**Work required**.
From the entries below, write out exactly the lines between the line holding "Using moviola.com's LMS" and the line holding "In the next", inclusive, excluding any pictures.

**Data for review**.

========================================================================

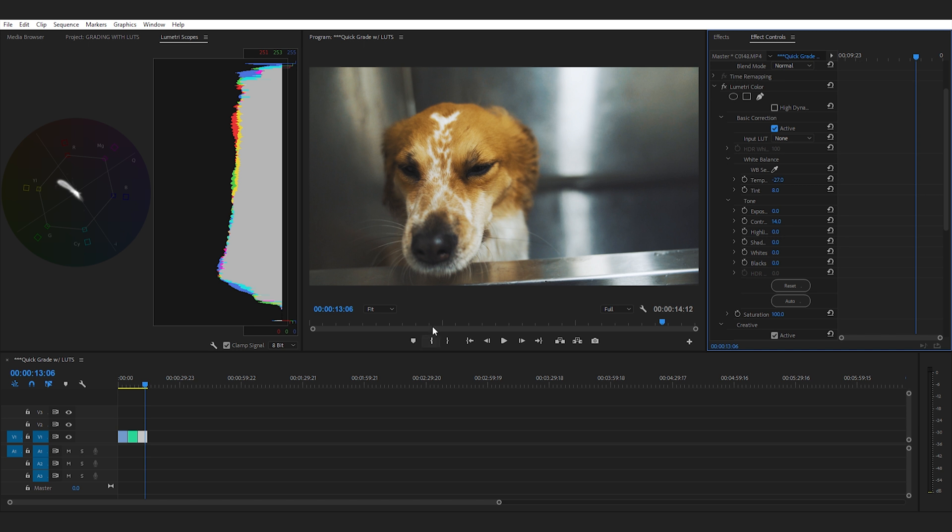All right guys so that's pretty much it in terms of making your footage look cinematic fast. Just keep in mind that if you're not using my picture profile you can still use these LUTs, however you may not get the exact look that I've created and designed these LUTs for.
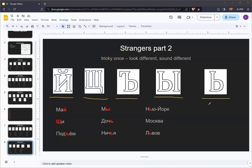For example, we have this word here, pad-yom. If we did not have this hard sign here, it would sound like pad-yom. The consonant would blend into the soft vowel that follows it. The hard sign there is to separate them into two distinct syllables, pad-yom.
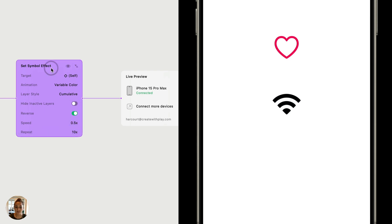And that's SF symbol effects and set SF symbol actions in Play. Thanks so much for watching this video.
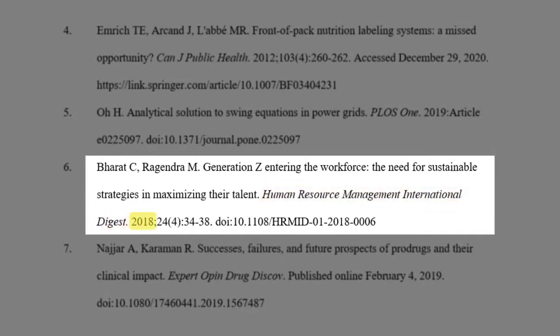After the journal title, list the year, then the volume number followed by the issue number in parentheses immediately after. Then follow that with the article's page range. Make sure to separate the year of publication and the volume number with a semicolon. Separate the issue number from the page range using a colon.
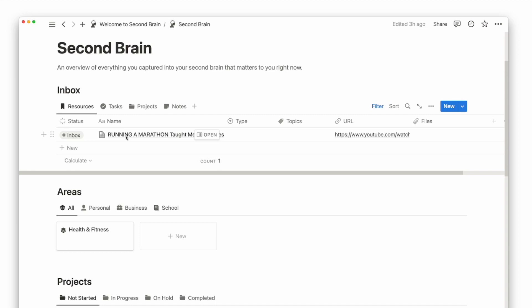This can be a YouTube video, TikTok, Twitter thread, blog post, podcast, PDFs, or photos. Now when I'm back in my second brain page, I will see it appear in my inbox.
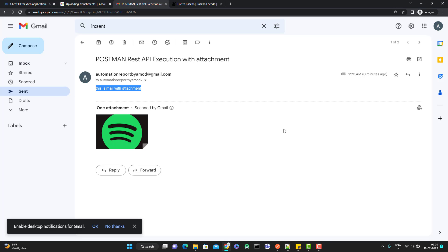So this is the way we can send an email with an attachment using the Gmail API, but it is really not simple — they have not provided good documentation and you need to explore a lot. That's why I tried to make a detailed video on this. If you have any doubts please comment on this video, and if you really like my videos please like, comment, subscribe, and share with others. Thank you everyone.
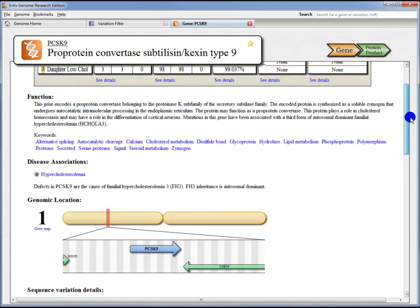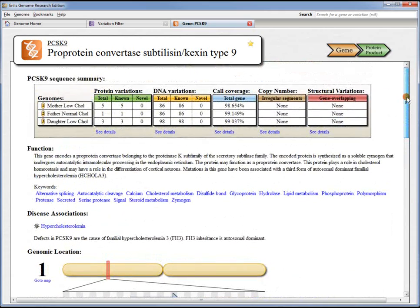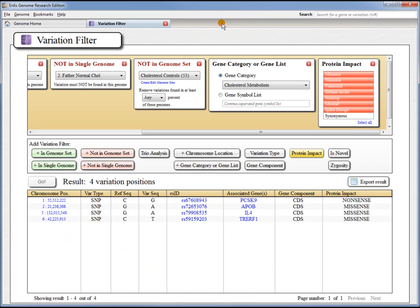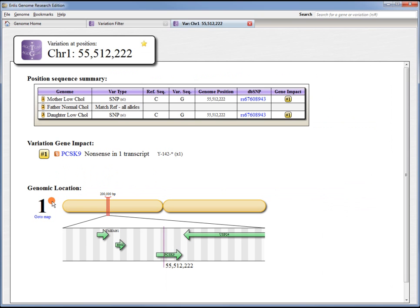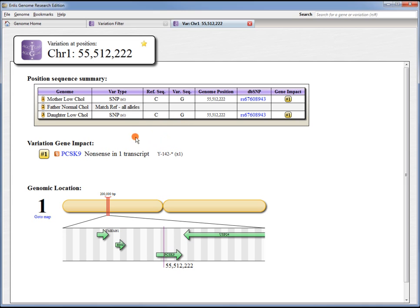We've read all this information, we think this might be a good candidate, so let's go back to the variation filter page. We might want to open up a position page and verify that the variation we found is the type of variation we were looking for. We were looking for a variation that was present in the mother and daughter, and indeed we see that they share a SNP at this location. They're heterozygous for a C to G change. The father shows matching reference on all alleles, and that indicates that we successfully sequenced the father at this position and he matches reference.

========================================================================

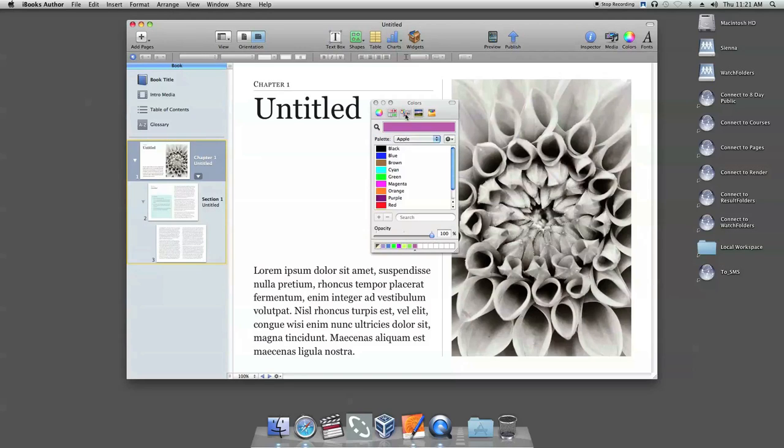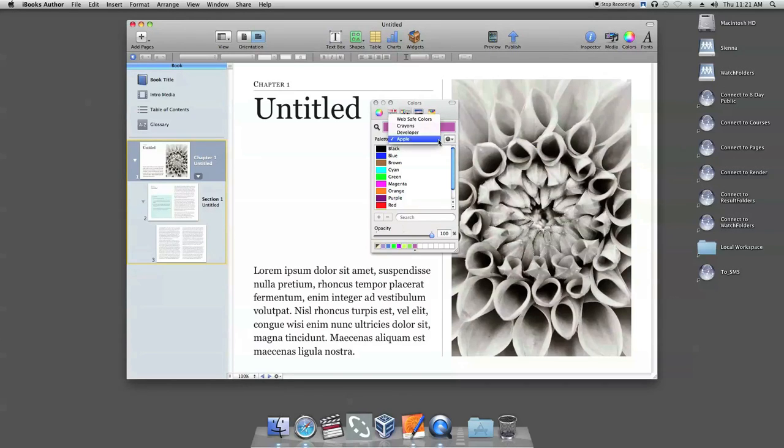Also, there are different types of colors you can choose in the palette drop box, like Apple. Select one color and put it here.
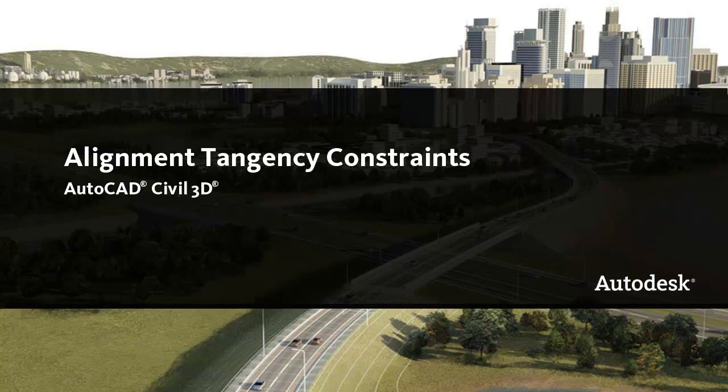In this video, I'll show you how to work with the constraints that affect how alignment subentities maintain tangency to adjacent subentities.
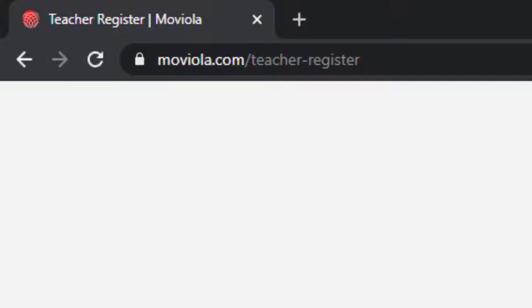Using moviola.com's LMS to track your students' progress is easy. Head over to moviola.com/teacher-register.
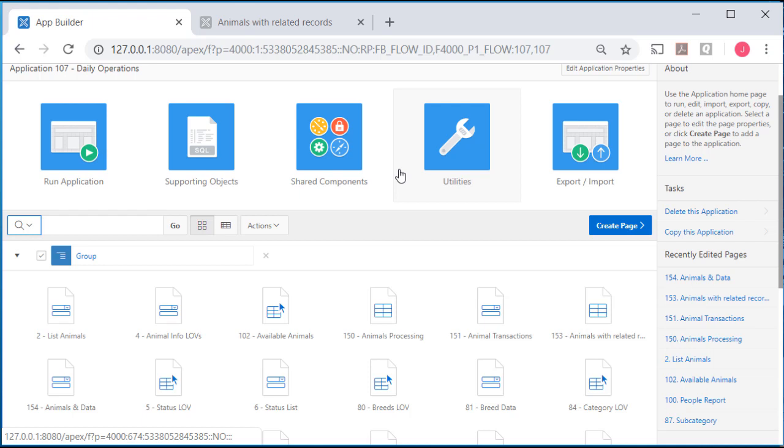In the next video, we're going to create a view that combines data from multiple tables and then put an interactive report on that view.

========================================================================

**Written reply**.
Using moviola.com's LMS to track your students' progress is easy. Head over to moviola.com/teacher-register.
In the next video, we're going to create a view that combines data from multiple tables and then put an interactive report on that view.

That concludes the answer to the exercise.